This collection of motets and chansons is titled The Dufay Spectacle, the program divided into sections titled “The Welcome,” “A Reflection,” “Solemn Celebration,” and “Playful Celebration.” The new year’s song Ce jour de l’an is used on six tracks as a song or an instrumental improvisation, for this song signifies a wedding on that day in Italy of the 1470s, just before the composer’s death in 1474. The first verse is sung by Stephen Charlesworth, the second verse by Catherine King, then three instrumental versions, the program concluding with a heavily accompanied version using all five singers and all four players. Both of the Buxheimer Orgelbuch versions of Se la face ay pale are given contrasting instrumental renditions, as is Portugaler. Je vous pri uses four unaccompanied voices; Las, que feray, Vergine bella, and Mon bien, m’amour have three unaccompanied voices. Six songs have one to three voices with instrumental accompaniment. Quel fronte signorille is a harp solo by Andrew Lawrence-King. Five motets are scattered among the songs and instrumental renditions, all sung after modest beginnings with overpowering instrumental accompaniment.
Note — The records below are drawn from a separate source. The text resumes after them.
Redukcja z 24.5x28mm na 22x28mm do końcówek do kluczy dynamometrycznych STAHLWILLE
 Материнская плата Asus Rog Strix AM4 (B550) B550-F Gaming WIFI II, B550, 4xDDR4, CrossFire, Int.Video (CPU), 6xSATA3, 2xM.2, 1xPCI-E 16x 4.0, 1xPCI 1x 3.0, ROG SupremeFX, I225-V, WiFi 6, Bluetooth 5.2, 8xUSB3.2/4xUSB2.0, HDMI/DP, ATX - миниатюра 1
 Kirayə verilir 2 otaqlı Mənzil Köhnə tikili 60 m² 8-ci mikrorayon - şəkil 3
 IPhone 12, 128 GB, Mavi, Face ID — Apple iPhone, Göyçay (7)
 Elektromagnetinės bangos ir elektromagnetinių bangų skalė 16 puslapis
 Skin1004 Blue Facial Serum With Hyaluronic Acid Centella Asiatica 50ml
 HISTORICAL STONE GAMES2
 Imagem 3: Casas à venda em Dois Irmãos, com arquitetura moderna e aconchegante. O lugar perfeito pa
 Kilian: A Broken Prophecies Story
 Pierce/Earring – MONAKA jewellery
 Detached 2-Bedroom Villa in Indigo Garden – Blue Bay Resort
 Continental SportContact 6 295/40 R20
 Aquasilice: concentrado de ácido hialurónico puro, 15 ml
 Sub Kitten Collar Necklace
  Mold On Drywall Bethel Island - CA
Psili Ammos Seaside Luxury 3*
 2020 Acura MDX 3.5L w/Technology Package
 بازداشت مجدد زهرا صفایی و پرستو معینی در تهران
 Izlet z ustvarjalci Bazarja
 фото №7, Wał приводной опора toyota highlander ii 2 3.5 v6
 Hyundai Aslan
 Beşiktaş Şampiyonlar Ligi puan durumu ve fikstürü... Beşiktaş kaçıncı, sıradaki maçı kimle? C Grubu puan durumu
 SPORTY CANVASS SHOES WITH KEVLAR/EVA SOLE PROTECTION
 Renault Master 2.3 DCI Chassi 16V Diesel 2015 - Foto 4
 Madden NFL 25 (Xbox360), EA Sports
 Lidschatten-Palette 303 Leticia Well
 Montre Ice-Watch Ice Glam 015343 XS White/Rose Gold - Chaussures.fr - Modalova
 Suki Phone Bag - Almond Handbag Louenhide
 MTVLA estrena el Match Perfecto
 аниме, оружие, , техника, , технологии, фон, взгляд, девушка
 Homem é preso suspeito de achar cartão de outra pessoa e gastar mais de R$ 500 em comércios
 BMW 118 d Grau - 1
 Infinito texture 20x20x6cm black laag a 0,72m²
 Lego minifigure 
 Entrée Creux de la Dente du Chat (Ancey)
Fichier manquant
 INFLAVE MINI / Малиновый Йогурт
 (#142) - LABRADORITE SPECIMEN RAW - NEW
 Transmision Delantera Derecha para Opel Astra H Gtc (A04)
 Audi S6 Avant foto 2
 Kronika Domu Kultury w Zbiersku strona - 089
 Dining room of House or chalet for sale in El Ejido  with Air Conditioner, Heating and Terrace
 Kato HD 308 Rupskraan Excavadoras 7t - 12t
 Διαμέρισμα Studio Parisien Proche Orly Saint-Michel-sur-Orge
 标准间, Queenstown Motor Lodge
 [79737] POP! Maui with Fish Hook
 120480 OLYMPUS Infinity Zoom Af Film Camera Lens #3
After 21 CDs on Hyperion, two on Avie, and an earlier issue on the present label, Gothic Voices has turned sharply away from the conviction of its first director, Christopher Page, that music of this period was sung without accompaniment. This is most evident in the concluding song and the five motets. But even Je me complains makes quite a noise with Andrew Lawrence-King’s regal accompanying three voices.

The argument about instrumental accompaniment of early music has become something of a standoff since the early positions were clarified by Daniel Leech-Wilkinson in The Modern Invention of Medieval Music (Cambridge, 2002). Both positions are now represented (very well, in fact) on records. He showed that the 19th-century understanding of medieval polyphony as unaccompanied vocal music was accepted by Hugo Riemann in his Musik-Lexicon through the fifth edition of 1900, but reversed by the seventh edition of 1909. He then became an enthusiastic proponent of voices with instruments.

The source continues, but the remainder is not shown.